* _The records_
======
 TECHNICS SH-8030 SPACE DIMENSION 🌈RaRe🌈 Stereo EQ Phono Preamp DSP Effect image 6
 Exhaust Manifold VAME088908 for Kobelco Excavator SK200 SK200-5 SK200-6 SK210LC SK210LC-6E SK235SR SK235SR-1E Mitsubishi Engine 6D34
======
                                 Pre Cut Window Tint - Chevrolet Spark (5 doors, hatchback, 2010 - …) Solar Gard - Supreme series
======
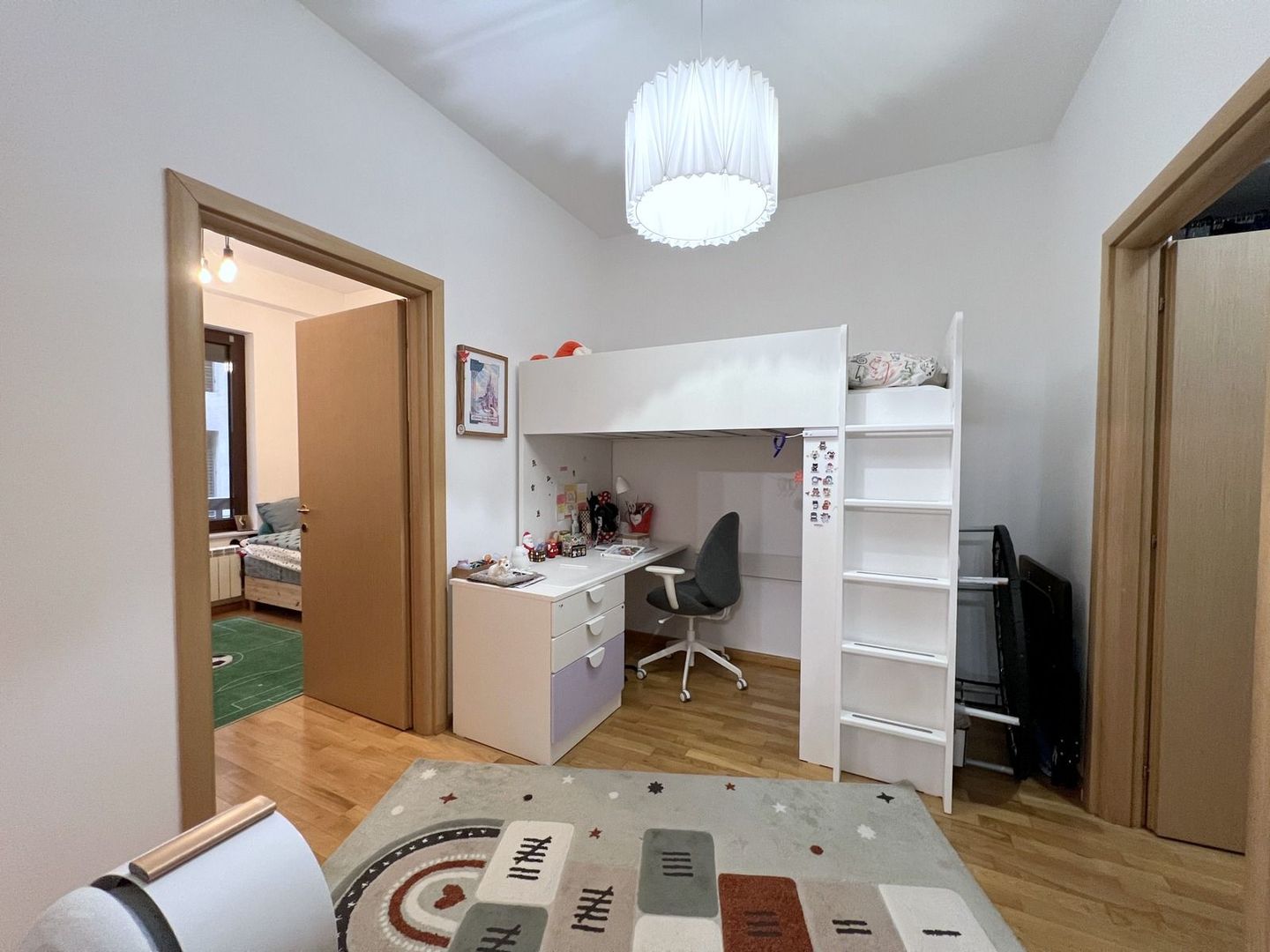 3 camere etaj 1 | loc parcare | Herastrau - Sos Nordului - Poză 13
======
* _Aim of the task_
Beginning with the line containing "TECHNICS SH-8030 SPACE" in the material above, copy every line exactly until you have copied the line containing "Exhaust Manifold VAME088908".

* _Response box_
 TECHNICS SH-8030 SPACE DIMENSION 🌈RaRe🌈 Stereo EQ Phono Preamp DSP Effect image 6
 Exhaust Manifold VAME088908 for Kobelco Excavator SK200 SK200-5 SK200-6 SK210LC SK210LC-6E SK235SR SK235SR-1E Mitsubishi Engine 6D34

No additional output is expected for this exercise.